Hilabama:
The Feminized Future Awaits
by
Christopher Manion
by Christopher Manion
DIGG THIS
The Oprah generation
is on its way to the White House, ready to throw out all those redneck
tough-guy smart-aleck prevaricators.
Judge Judy
could make mincemeat of ’em in one 6-minute segment between Vioxx
commercials.
Family is key,
all right. Hillary's husband was a fake. Barack's father was a no-show.

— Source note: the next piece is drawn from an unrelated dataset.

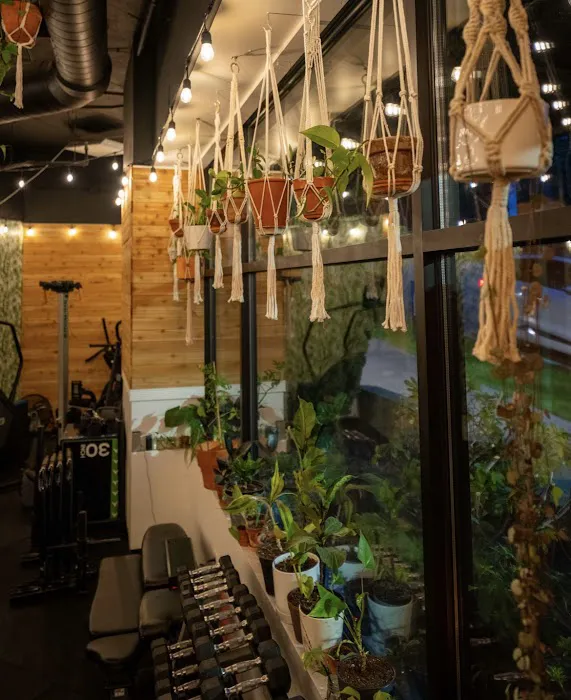 Sama Fitness Picture 4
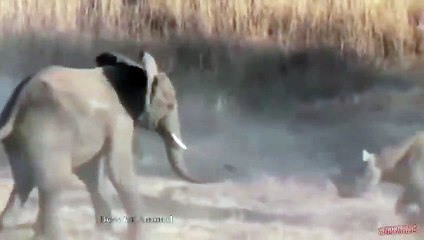 강릉출장서비스 강릉출장서비스O1Og4838g4959｛카톡SBS52 라인VPN58｝ 강릉출장마사지샵 강릉출장안마on강릉출장안마cos여3♪⇔∃마사지황형♥◒≪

It’s a real-life "Survivor." These two know how to handle
things without real men around. They know how to connect with the
vast majority of American women who are either raising children
on their own, or wish they were. And they know that a lot more of
us – guys and gals – are tired of the condescending, huffing and
puffing pontificating of pirouetting father-figures like Cheney
and Rumsfeld.
And whatsisname.
To this growing
majority of Americans, life is what you can make of it – and you
can't make a silk purse out of a sow's ear, or a "Father Knows
Best" out of the "me" generation.
So enough of
the real men. Let’s have some realism.
Who wants real
men around anyway, when we have such a fine government willing to
help?
Hillary and
Obama. A manified woman and a feminized man – the perfect match
for a country that just threw the abusers out of the house.
Well, politics
is war by another means, which means that you go to war with the
family you've got. Hillary and Obama, twin suns from dysfunctional
families, are going to become crusaders against a bullying, abusive
administration that everybody now wants to take to divorce court.
We’ll turn the tables on the "battered-wife syndrome."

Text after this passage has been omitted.